Map Records — Splits multipage documents into separate records.
Apply Classifier — Identifies record type, or class, using a classification model.
Apply Checkpoint — Verifies details identified in a previous step according to validation formulas, and triggers a review for failed validations.

Branch flow into multiple document streams based on class.
Filter — Filters records based on class. Place a filter at the top of each branch, and for the filter parameter, specify the document class that you want to allow through the filter.

Tip

If you don’t validate classification before branching and filtering, or if your production flow might include unclassifiable documents, create an additional branch that filters for other, which is the class Instabase assigns by default to documents that can’t be classified.
Run Extraction Model — Extracts data from records using extraction models.
Apply Refiner — Reformats extracted data according to your specifications.
Apply Checkpoint — Verifies details identified in a previous step according to validation formulas, and triggers a review for failed validations.
Apply Redactor to Refined Fields — Redacts extracted data.
Doc Gen — Generates Word documents that report extracted data.
Combine — Combines branches into singular flow output.

Tip

By default, steps are named according to their step type. You can change step names to make flows easier to understand by clicking the edit (pencil) icon in the step panel. For example, it can be helpful to rename filter steps to indicate what class of records are allowed through in a given branch.

Flow modules

These are the flow steps and events that integrate modules or code created in other Instabase apps.

Info

Importing a module into a flow copies the module’s code to the flow’s modules folder, so any future edits you make to the original module aren’t reflected in your flow.

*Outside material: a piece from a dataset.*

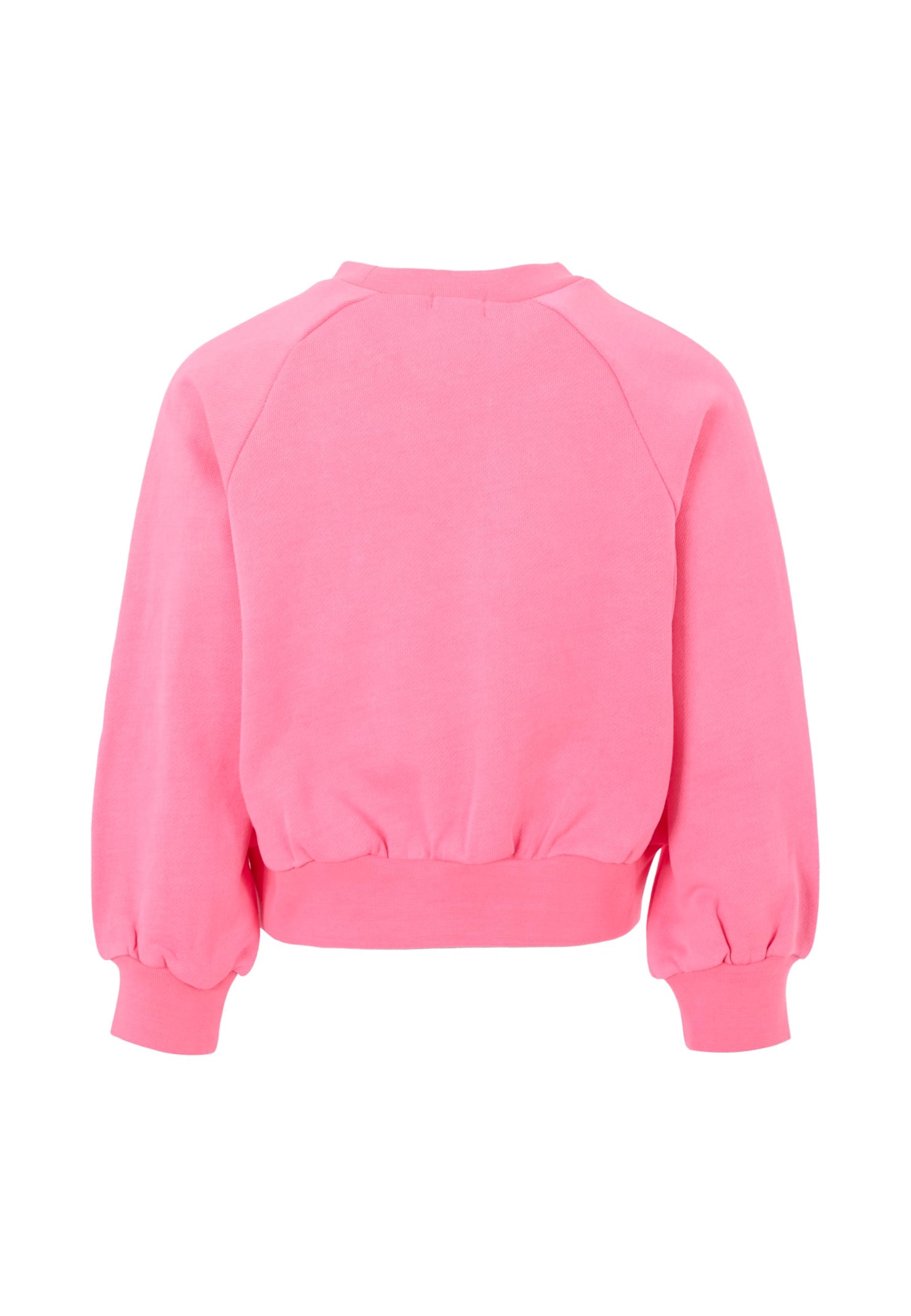 Billieblush Pink Sweatshirt For Girl With Hearts In Pink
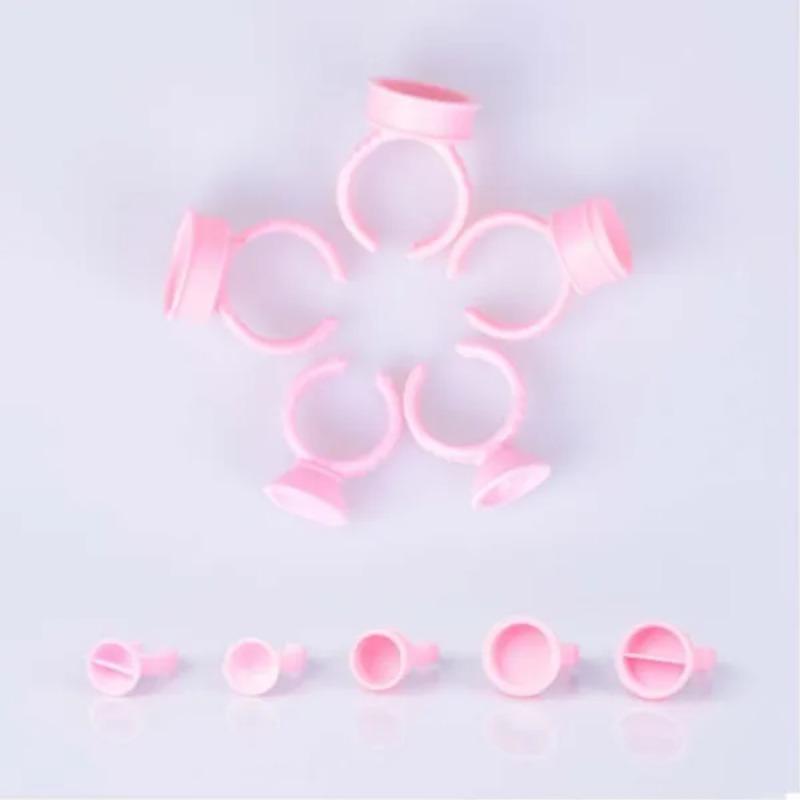 100 Pcs/set Disposable Mini Tattoo Ink Cup For Tattoo Supplies Accessorie Eyelash Grafting Glue Cup Makeup Tools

Step or event	Module	Description
Process Files	Reader	Optionally specifies custom OCR configurations created in Reader.
Apply Classifier	Classification model	Specifies a classification model created in ML Studio.
Apply Checkpoint	Checkpoint	Specifies validations created in the Validations app.
Run Extraction Model	Extraction model	Specifies an extraction model created in ML Studio.
Apply Refiner	Refiner	Specifies refiner formulas created in the Refiner app.
Doc Gen	Doc Gen	Specifies a `field_mapper.json` configuration file with field mappings.
Map UDF, Reduce UDF, Pre-Flow UDF, Post-Flow UDF	UDF	Specifies a custom Python script.

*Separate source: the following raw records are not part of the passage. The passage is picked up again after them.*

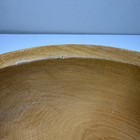 Vtg Japanese Turned Wood Bowl 12    Mid Century Modern Made In Japan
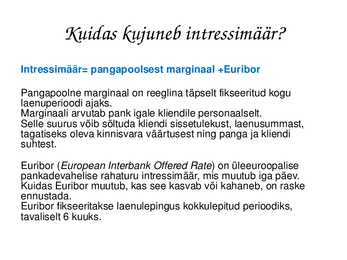 Tarbimine ja säästmine #24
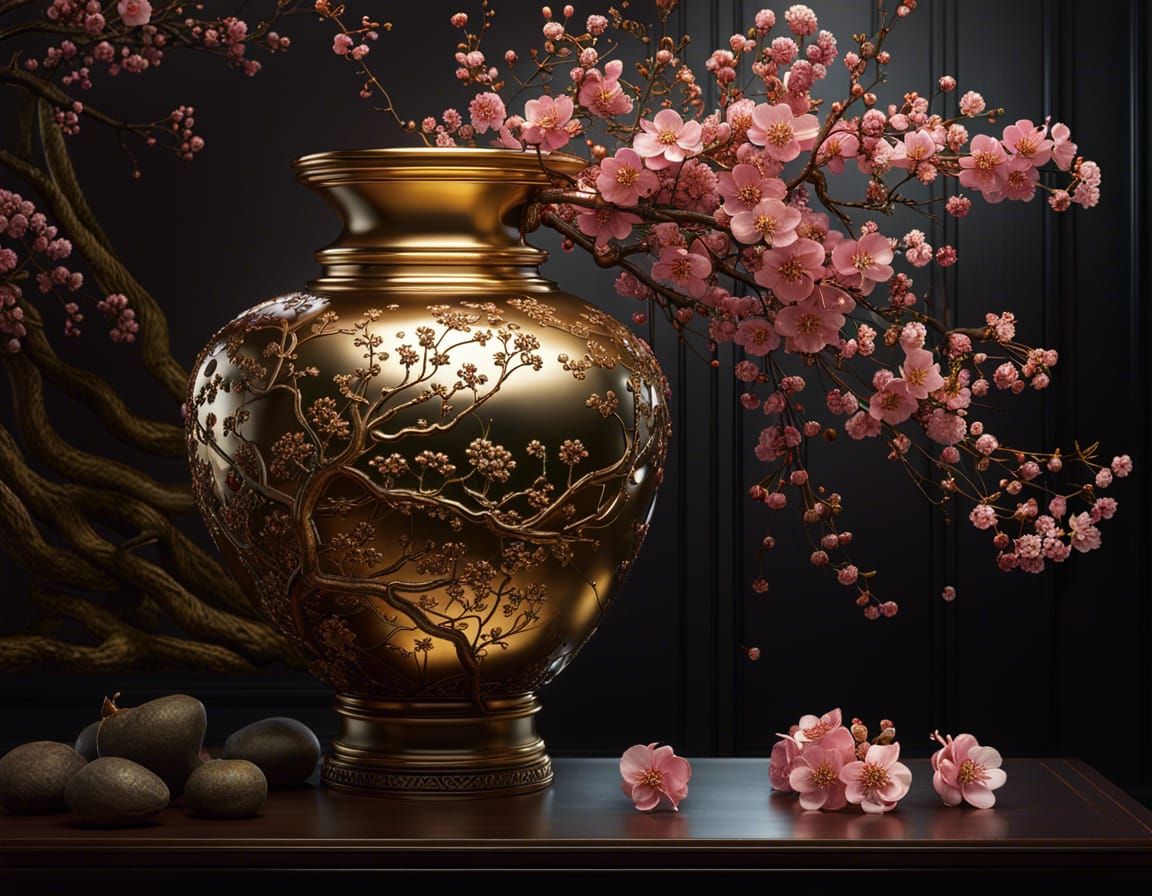 Japanese Style Flower Vase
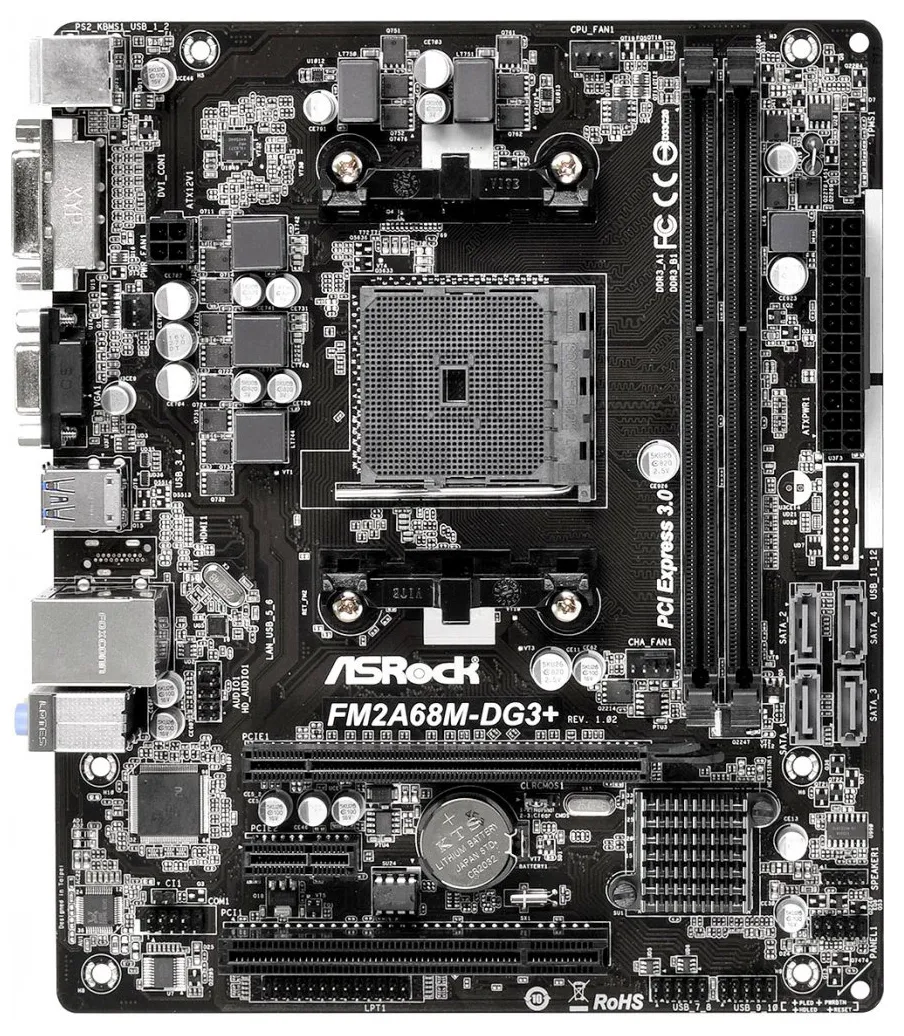 Материнская плата ASRock FM2A68M-DG3+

How checkpoints work and where to position them

Checkpoints are defined by the apply checkpoint step. Checkpoints verify classification or extraction data against validation rules that you write. In production, checkpoints that fail validation are queued for review by a human reviewer.

Checkpoints are typically inserted after classification and extraction steps to verify document class and extracted data. As a best practice, use a checkpoint after classification but before branching to ensure that records are routed to the correct branch for data extraction.